Rather prophetic.
Princes had, so to speak, materialized violence; the democratic republics of today have made violence as entirely intellectual as the human will that it wants to constrain. Under the absolute government of one man, despotism, to reach the soul, crudely struck the body; and the soul, escaping from these blows, rose gloriously above it; but in democratic republics, tyranny does not proceed in this way; it leaves the body alone and goes right to the soul. The master no longer says: You will think like me or die; he says: You are free not to think as I do; your life, your goods, everything remains with you; but from this day on you are a stranger among us. You will keep your privileges as a citizen, but they will become useless to you. If you aspire to be the choice of your fellow citizens, they will not choose you, and if you ask only for their esteem, they will still pretend to refuse it to you. You will remain among men, but you will lose your rights to humanity. When you approach your fellows, they will flee from you like an impure being. And those who believe in your innocence, even they will [419] abandon you, for people would flee from them in turn. Go in peace; I spare your life, but I leave you a life worse than death. (Democracy In America Volume 2, Part 2, Chapter 7, “Of the Omnipotence of the Majority in the United States and Its Effects,)
Doesn’t appear to take an actual majority, just an aggressive and well-positioned minority.
Prophetic and disturbing – and isn’t it always a minority that in the end wants to dominate/guard/rule the majority? Rousseau’s belief government could be run by consensus because reason would bring us all to the same conclusion didn’t understand much. (Benjamin Franklin could have taught him, but I’m not sure he’d listen.) And we see that today in those who would “follow the science” but clearly are following the particular science whose hypothesis agrees with theirs rather than another’s who believes evidence does or will come to a different conclusion.

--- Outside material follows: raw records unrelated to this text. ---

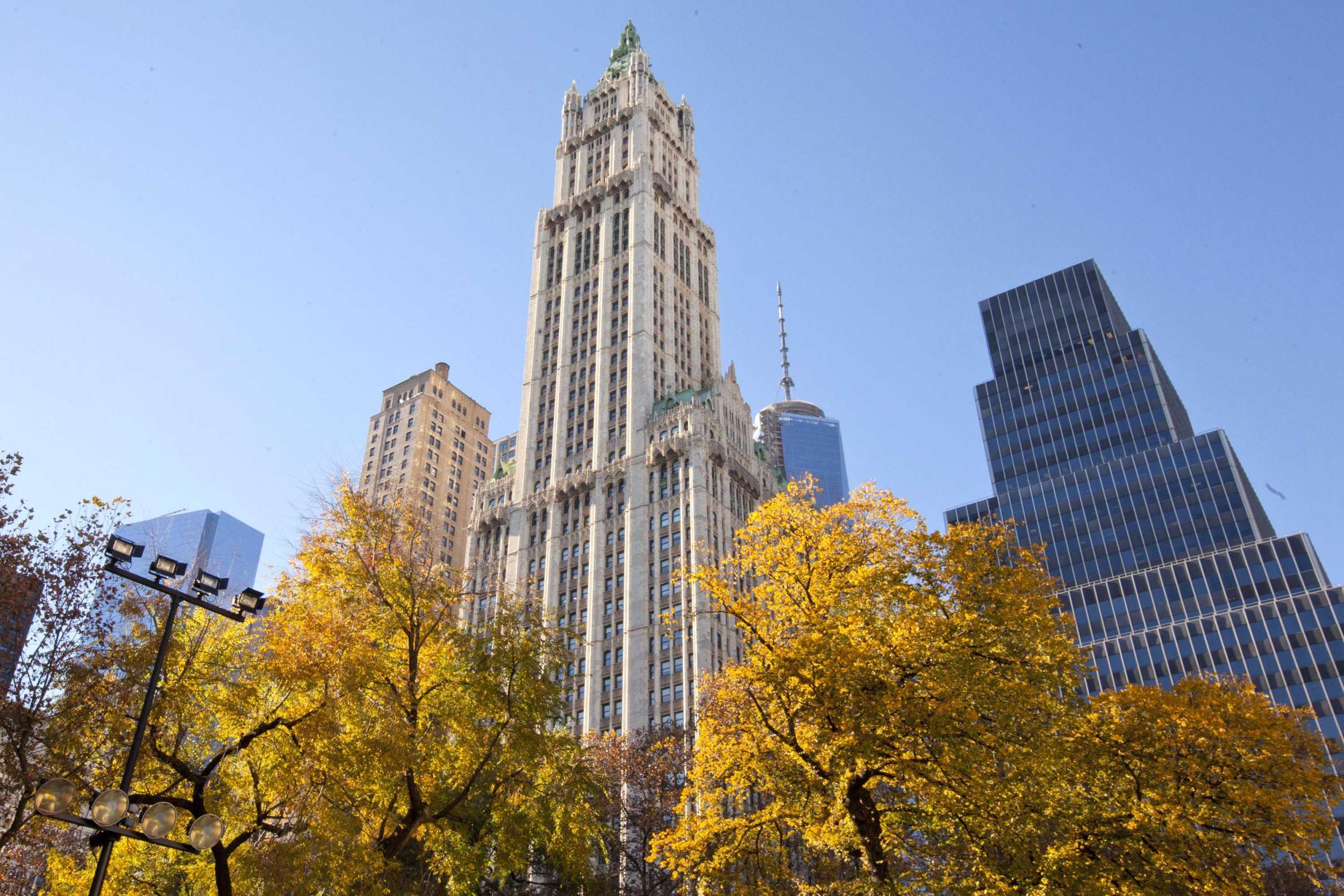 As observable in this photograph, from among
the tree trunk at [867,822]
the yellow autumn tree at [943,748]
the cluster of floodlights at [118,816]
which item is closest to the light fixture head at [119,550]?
the cluster of floodlights at [118,816]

I never got through Democracy in America (one would think in retirement time would be plenty, but for me concentration has been diminishing). But I’d happened upon another passage by the wise Frenchman in Pipes Property and Freedom, one from Book IV, Ch 6. It reminds me of a Slovak friend, who said that descriptions of the 60’s to 90’s as oppressive weren’t true, at least for her; it was a time in which they were bound in a soft pillow and didn’t realize they weren’t free. Indeed, she saw that as not good, but she doesn’t seem to long for the freedom we value so highly, decades later, remarried to an American in her second (or third) phase of life.
This is from de Tocqueville on America as quoted by Pipes: “I have no fear they will meet with tyrants in their rulers, but rather with guardians.” Pipes says that he saw a kind of democratic depotism in which ‘”an innumerable multitude of men, all equal and all alike,” incessantly strive to pursue “the petty and paltry pleasures with which they glut their lives.” De Toqueville believes “such a government willingly labors but it chooses to be the sole and only arbiter of their happiness.” He argues that “‘the principle of equality has prepared men for these things’ and ‘oftentimes to look on them as benefits.'”

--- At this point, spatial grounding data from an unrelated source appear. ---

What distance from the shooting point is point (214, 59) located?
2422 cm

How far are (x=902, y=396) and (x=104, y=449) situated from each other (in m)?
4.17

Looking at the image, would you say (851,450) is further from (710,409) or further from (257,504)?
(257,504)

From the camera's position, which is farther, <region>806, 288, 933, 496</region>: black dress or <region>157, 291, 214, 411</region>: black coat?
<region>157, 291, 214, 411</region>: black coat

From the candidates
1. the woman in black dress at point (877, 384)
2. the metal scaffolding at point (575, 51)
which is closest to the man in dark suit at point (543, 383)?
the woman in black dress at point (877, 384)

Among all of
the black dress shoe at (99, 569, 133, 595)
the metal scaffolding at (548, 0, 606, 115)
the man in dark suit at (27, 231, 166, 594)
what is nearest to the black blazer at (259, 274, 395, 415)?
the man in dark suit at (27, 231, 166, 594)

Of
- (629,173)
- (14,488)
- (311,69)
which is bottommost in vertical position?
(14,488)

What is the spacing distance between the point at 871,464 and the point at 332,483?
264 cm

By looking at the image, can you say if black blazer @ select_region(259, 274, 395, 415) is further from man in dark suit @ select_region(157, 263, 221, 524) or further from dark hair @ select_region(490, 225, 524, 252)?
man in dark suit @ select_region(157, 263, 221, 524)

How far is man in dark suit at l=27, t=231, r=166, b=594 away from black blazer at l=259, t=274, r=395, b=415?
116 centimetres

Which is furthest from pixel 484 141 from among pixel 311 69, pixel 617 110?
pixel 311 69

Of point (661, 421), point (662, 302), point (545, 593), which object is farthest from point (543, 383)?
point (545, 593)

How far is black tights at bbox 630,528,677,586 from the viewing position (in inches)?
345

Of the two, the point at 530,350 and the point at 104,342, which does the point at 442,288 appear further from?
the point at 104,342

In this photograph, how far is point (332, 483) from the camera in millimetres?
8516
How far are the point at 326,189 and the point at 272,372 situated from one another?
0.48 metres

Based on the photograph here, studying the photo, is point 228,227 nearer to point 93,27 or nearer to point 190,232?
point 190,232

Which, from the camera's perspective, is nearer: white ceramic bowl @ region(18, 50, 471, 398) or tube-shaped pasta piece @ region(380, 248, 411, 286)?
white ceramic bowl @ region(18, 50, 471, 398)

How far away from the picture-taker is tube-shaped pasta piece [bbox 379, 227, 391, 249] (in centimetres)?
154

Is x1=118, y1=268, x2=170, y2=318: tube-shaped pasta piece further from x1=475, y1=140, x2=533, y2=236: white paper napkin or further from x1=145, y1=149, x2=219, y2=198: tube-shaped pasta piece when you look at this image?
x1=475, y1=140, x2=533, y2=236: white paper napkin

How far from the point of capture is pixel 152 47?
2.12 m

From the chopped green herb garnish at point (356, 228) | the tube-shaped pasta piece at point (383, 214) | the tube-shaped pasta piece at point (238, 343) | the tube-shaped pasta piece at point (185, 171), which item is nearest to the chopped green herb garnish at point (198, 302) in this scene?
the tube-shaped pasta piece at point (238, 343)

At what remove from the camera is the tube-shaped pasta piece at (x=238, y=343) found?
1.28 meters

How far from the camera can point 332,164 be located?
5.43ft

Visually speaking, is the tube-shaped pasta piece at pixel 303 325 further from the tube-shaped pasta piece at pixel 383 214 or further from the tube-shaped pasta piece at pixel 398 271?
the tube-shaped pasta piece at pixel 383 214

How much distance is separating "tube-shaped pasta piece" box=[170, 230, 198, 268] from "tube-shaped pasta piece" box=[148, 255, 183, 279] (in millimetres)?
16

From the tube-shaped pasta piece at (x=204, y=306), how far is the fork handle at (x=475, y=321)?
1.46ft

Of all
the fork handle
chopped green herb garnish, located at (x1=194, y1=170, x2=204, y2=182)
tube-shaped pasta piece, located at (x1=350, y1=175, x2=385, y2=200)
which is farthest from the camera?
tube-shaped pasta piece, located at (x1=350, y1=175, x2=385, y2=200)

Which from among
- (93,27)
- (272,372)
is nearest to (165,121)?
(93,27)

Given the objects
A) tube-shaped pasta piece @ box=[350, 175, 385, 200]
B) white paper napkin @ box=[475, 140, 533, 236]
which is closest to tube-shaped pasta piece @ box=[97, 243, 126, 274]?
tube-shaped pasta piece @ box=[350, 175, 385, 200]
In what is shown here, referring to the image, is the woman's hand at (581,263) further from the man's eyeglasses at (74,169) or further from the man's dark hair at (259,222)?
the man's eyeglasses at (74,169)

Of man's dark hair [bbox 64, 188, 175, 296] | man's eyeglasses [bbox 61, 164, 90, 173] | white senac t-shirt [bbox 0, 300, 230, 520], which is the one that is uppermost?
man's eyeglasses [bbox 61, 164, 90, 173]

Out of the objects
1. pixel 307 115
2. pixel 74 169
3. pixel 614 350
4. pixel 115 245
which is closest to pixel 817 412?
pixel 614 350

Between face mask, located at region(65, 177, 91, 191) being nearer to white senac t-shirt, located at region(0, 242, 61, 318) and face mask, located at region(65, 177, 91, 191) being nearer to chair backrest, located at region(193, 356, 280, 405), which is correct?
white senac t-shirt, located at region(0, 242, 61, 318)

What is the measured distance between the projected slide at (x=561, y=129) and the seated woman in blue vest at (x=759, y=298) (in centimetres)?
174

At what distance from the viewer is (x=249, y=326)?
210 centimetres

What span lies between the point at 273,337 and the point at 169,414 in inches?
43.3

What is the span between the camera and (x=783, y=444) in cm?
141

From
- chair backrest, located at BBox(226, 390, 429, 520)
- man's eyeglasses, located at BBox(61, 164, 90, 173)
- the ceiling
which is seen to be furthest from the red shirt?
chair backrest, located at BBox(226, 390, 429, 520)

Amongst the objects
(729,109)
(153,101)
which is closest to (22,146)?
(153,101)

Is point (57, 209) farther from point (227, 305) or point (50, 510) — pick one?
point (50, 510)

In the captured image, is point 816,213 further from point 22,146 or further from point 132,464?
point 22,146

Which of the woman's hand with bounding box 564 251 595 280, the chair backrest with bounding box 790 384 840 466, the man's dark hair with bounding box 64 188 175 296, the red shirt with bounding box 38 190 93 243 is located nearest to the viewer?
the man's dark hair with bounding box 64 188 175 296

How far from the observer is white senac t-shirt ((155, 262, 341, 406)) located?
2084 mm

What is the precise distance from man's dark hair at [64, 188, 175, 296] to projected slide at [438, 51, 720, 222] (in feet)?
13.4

We can, I hope, be more optimistic about man’s desire for freedom, independence – it has been bred into us and our culture for the two centuries since and we’ve become cynical about those who want to soften our fates. But he certainly foresaw the stated goals of the welfare state: “After having thus taken each member of the community in its powerful grasp, and fashioned him at will, the supreme power then extends its arms over the whole community. It covers the surface of society with a network of small complicated rules, minute and uniform, through which the most original minds and the most energetic characters cannot penetrate, to raise above the crowd. The will of man is not shattered, but softened, bent and guided; men are seldom forced by it to act, but they are constantly restrained from acting: such a power does not destroy, but it prevents existence; it does not tyrannize, but it compresses, enervates, extinguishes, and stupefies a people, till each nation is reduced to be nothing better than a flock of timid and industrious animals, of which the government is the shepherd.”

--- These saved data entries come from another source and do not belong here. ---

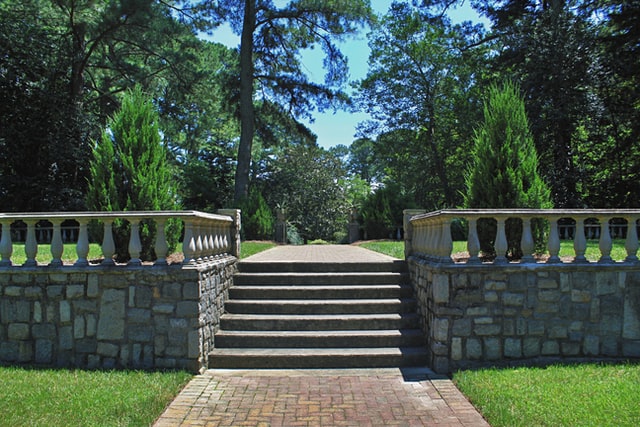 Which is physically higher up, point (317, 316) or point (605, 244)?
point (605, 244)

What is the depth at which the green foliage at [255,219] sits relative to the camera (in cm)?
1653

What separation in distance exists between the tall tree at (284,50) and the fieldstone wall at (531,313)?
43.8 ft

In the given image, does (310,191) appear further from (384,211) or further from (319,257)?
(319,257)

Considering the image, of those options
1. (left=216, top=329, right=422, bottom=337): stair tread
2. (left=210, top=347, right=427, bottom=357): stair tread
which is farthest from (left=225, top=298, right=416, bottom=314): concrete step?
(left=210, top=347, right=427, bottom=357): stair tread

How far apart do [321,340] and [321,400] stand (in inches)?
54.2

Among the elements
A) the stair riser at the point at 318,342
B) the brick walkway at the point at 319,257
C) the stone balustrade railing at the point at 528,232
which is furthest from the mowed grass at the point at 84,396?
the stone balustrade railing at the point at 528,232

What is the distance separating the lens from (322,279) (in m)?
6.98

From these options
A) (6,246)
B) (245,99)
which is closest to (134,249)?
(6,246)

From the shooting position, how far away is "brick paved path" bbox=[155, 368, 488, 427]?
388 centimetres

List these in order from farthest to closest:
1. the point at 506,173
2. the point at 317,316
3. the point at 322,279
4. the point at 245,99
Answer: the point at 245,99
the point at 322,279
the point at 506,173
the point at 317,316

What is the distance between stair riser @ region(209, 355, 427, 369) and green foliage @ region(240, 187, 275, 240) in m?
11.2

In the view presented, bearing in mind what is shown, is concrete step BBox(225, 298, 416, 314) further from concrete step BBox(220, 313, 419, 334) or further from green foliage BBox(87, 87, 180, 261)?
green foliage BBox(87, 87, 180, 261)

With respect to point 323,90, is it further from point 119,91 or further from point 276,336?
point 276,336

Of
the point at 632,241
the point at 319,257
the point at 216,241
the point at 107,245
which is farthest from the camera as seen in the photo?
the point at 319,257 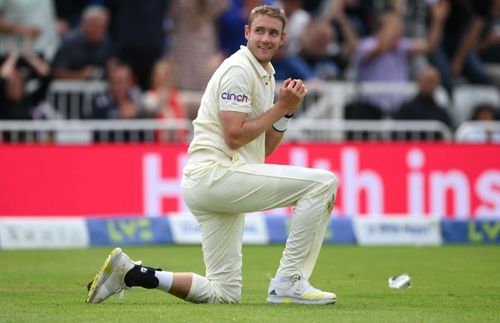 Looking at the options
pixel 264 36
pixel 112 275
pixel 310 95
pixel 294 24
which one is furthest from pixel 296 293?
pixel 294 24

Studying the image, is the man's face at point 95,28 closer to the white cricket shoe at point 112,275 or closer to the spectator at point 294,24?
the spectator at point 294,24

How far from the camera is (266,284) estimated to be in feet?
35.3

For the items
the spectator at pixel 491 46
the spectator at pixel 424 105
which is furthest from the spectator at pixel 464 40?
the spectator at pixel 424 105

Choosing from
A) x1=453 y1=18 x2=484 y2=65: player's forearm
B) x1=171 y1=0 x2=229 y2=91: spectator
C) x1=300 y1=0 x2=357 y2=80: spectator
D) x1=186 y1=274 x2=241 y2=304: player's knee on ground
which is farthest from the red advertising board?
x1=186 y1=274 x2=241 y2=304: player's knee on ground

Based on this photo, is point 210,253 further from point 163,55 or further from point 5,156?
point 163,55

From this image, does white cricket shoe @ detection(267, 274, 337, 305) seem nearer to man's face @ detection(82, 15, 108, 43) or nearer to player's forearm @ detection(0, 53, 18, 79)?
player's forearm @ detection(0, 53, 18, 79)

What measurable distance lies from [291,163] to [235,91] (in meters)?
8.84

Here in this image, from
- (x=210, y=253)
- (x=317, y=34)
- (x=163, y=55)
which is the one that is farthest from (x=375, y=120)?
(x=210, y=253)

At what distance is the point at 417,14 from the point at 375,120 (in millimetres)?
3634

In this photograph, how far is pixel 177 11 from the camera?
1884 centimetres

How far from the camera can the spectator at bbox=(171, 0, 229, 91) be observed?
18688 millimetres

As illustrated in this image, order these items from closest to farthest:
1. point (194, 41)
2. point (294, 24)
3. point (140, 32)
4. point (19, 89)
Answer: point (19, 89)
point (140, 32)
point (194, 41)
point (294, 24)

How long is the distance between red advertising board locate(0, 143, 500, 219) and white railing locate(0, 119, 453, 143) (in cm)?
57

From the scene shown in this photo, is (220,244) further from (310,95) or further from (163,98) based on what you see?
(310,95)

Pipes’ penultimate chapter focuses on how the modern welfare state – with examples such as redistribution of property, forfeitures, entitlements, eminent domain etc. – limits and diminishes property rights and, thus, as the entire preceding arguments contend, freedom. The final chapter concludes with de Tocqueville, Pipes inserting one last question: “Is this what we want?”
David F: “Doesn’t appear to take an actual majority, just an aggressive and well-positioned minority.”
In an entirely different work-related context, a colleague once remarked that ‘A man with a plan can generally achieve at least part of what he is aiming for.’ Unfortunately, it seems that a plan which says ‘Please just leave me alone to get on with my own life’ is not robust enough.
The importance of a determined minority should never be underestimated. The Bolsheviks were a small minority in Russia — a minority even among the Communists. The voters in the UK who pushed through Brexit were a minority in the UK population, considering those Brits who chose not to vote. The proponents of Independence in the North American colonies were a minority, apparently amounting to only about one third of the then-population.
How to prevent a determined minority from taking over? Aye, there’s the rub.